4

I have the following entities:

@Entity
@Table(name = "place_revision")
public class PoiRevision {
    @OneToMany(mappedBy = "pk.revision", cascade = {CascadeType.ALL})
    private Collection<PoiRevisionCategory> categoryMapping;
    // ...
}

@Entity
@Table(name = "place_revision__category")
@AssociationOverrides({
    @AssociationOverride(name = "pk.revision",
        joinColumns = @JoinColumn(name = "place_revision_id")),
    @AssociationOverride(name = "pk.category",
        joinColumns = @JoinColumn(name = "category_id"))
})
public class PoiRevisionCategory {
    @EmbeddedId
    private PoiRevisionCategoryId pk = new PoiRevisionCategoryId();
    // ...
}

@Embeddable
public class PoiRevisionCategoryId implements Serializable {
    @ManyToOne
    private PoiRevision revision;
    @ManyToOne
    private Category category;
    // ...
}

@Entity
@Table(name = "category")
public class Category {
    @ManyToMany(targetEntity = Section.class, cascade = {CascadeType.PERSIST, CascadeType.MERGE}, fetch = FetchType.LAZY)
    @JoinTable(
        name = "category__section",
        joinColumns = @JoinColumn(name = "category_id"),
        inverseJoinColumns = @JoinColumn(name = "section_id")
    )
    private Collection<Section> sections;
    // ...
}

And want to select PoiRevisions that have Categories that have some Sections. I'm using Spring-data Specification to query the database for these entities.

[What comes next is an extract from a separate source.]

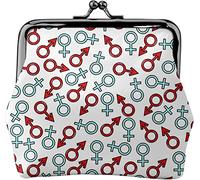 Seamless Pattern of Sex Symbols Women's Leather Coin Purse, Small Change Pouch with Kiss-Lock Clasp Closure Buckle Wallet for Girl Gift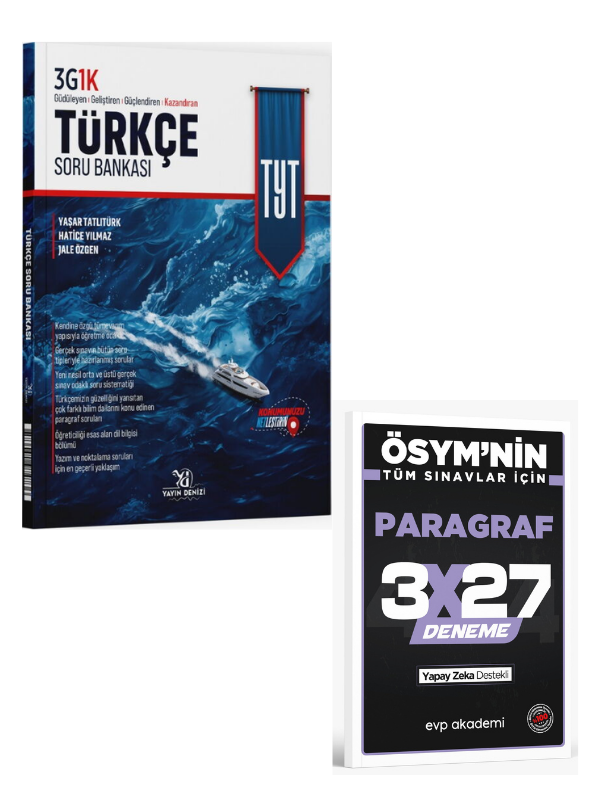 YayınDenizi  2027 TYT Türkçe 3G1K Soru Bankası+ EVP Akademi Paragraf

My intent is to write something like:

Specification<PoiRevision> spec = new Specification<PoiRevision>() {
    @Override
    public Predicate toPredicate(Root<PoiRevision> root, CriteriaQuery<?> query, CriteriaBuilder cb) {
        List<Predicate> conditions = new ArrayList<>(CONDITION_COUNT);

        CollectionJoin<PoiRevision, PoiRevisionCategory> mapping = root.join(PoiRevision_.categoryMapping);
        // BROKEN here as we cannot use nested path for joins
        Join<PoiRevisionCategory, Category> categories = mapping.join("pk.category"); 
        conditions.add(categories.get("sections").in(sections));

        // ...

        return cb.and(conditions.toArray(new Predicate[] {}));
    }
};

But we cannot use nested path for such joins as JPA provider (Hibernate, in my case) looks only for direct properties of PoiRevisionCategory class. And we cannot "join" embedded Id to our result set because it's not a manageable entity.

I'm really stuck with this issue which seems to be far from complicated when translated into SQL yet it has some complexity on the ORM-side.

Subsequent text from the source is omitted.